Tuesday, January 20, 2004

Why we need parents (continued)

Then there was this older hippy woman (when I say older, she was between 30 and 35 to my 16 years old)  who took me under her wing not long after that, she was also going to teach me to cast. She was going to teach me a lot of things about art. What she did was give me millions of old Life magazine pictures she had collected for close to 20 years and told me to make something out of them. Then she married some hairy, hippy, mountain man and moved away to Humbolt County and that was the end of that. I kept the Life magazine pictures though.

Twenty years later, after I left screaming for my life from Debbie and was living in my new little apartment on Kling Street in Studio City, I pulled those suckers out of storage and wallpapered my kitchen with them. I taped them to the wall and then drew and painted all over them, giving them captions and/or the people in the pictures little cartoon bubbles with my wit and wisdom in them. When I was done with my finally completed work of art, I raised a glass to my almost mentor and thanked her for the 20 year old art project. I almost wished she was there to see it. I almost wish I had taken a few pictures of it. In fact, I almost wish my Dad had seen it. He would never have understood it (especially all the transgendered and gay male references coming out of the mouths of the men in swimsuit pics), but he still would have loved it.
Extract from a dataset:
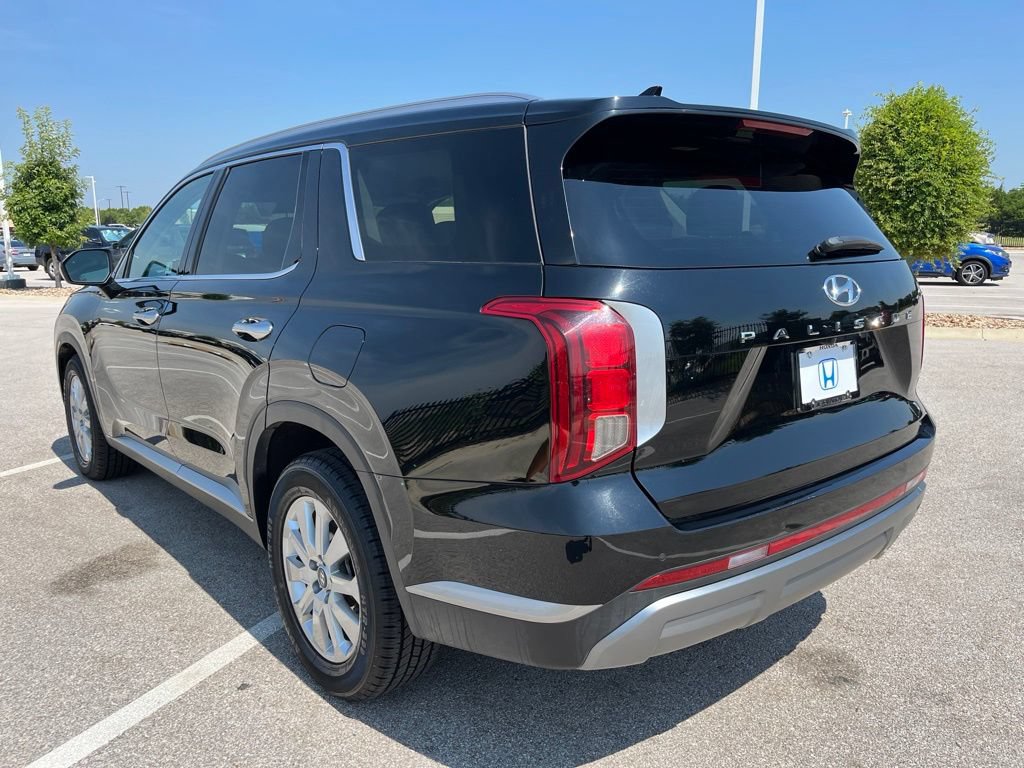 Used 2025 Hyundai Palisade SEL FWD image 6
Come to think of it, not many of my friends got it either. They didn't understand why I had half naked male models looking at each other and making propositions to each other in cartoon bubbles. They didn't understand why I, the dyke, found any of that humorous. If only they had known.

But Dad would have loved that I had done that piece at all. Disposable art that was taken down and to the dumpster when (at her insistant prompting) I moved in with Chris Akard. Which is why we have parents. We need them to remember our disposible art. We may file our bad art away as yesterday's disaster, but your Dad will always think anything and everything you do rocks. I still don't know how to cast in plaster or metal, but my Dad thinks I rock anyway.